For all good intentions, meeting an old friend for lunch is not the world's easiest maneuver. It's difficult enough when you work in the same vicinity, but if you're in separate states, it's next to impossible.
That doesn't mean old friends need to be neglected. After work is prime time for meeting. People avoid this type of get-together because 1) they don't feel like staying out to drink, or 2) they don't feel flush enough to drop a lot of money at a mediocre but convenient restaurant.
The solution, of course, is dinner at your place. And if your friend happens to be with you on the way home, or plans to show up at your house only moments after your return, there won't be a lot of time to hang around the supermarket waiting for inspiration about what to cook. Nor will there be a lot of time to stuff chicken breasts while your friend perches on a stool and sips the house wine. The point is, after all, to concentrate on the friendship, not on the dinner.
Equipped with a corkscrew and a can opener, you can call yourself both hostess and chef. A bottle of standard grocery store wine suffices for the aperitif while you open the cans of clams and artichoke hearts. Another tip: Compare the cost of the pre-minced garlic in a jar with bulb garlic and you'll probably opt for the convenience.
Be forewarned: Keep the grated parmesan off the table if your friend is Italian. Seafood and cheese are really declasse'. But regular American types often prefer parmesan, a real treat when it's freshly grated. If you have no food processor, allow your friend the honors of grating.
This meal was served with roasted, peeled green peppers that had been marinated briefly in mild vinegar and a little basil; but any green vegetable will do. If you opt for peppers, however, begin them before you start the pasta and sauce.
This dinner (not including wine) just takes one quick trip through an 8-item supermarket express lane, provided you already have flour, sugar, salt, pepper and (olive) oil at home.
EXPRESS LANE LIST: canned clams, canned artichoke hearts (not the marinated type), garlic, basil, parmesan cheese, fettucine, green peppers, red wine vinegar.

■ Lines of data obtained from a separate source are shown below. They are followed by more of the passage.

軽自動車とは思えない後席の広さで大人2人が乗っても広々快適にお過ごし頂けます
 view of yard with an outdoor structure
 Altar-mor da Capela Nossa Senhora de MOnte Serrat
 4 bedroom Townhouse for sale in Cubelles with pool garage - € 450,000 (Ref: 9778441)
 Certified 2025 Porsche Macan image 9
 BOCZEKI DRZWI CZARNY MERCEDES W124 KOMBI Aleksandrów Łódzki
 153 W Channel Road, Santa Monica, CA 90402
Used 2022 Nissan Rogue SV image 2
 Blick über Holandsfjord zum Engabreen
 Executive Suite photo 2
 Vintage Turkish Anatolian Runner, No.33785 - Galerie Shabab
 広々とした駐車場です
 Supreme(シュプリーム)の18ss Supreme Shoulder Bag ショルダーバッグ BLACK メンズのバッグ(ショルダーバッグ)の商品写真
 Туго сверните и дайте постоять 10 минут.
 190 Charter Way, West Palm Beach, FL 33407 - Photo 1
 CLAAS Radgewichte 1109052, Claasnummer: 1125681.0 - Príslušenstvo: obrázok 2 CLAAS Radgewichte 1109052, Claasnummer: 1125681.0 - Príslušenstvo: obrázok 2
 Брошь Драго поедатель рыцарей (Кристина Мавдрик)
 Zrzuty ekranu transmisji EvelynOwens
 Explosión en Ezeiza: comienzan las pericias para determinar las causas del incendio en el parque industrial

MARINATED PEPPERS (2 servings) 3 large green peppers 1/2 teaspoon basil Freshly ground black pepper 1/4 to 1/2 cup red wine vinegar
Place the green peppers on a baking sheet and put them on an oven shelf fairly close to the broiling element. Broil the peppers on all sides until their skins are black. Place them in a paper bag until cool enough to handle. Then peel, core and seed the peppers. Slice them into strips and place on a large plate. Grind black pepper over them, sprinkle with a little basil and pour vinegar over all. Refrigerate while you cook clams and pasta. Drain peppers and serve just a little cooler than room temperature.
Note: This recipe is designed for peppers that will not marinate long. An oil and vinegar combination should be used for peppers that will marinate for several hours.
CLAM AND ARTICHOKE PASTA (2 servings) 2 tablespoons olive oil 2 teaspoons minced garlic 14 ounces canned artichoke hearts, drained 6 1/2 ounces canned clams, drained of much of their liquid 1 teaspoon basil 6 ounces fettucine Freshly grated parmesan cheese
Put a large, covered pot of water on to boil. Heat olive oil in a medium skillet. Add garlic and cook for several minutes over medium heat, stirring occasionally. Quarter the artichoke hearts and add them to the skillet along with clams (and a little clam liquid) and basil. Cook 2 minutes and then turn the heat off. Cook the fettucine in boiling water. While it drains, reheat the clams and artichokes. Serve a large portion of pasta with clams and artichokes nested in the middle (this is not a saucy topping the way tomato sauce is). Serve with roasted green peppers and pass cheese separately.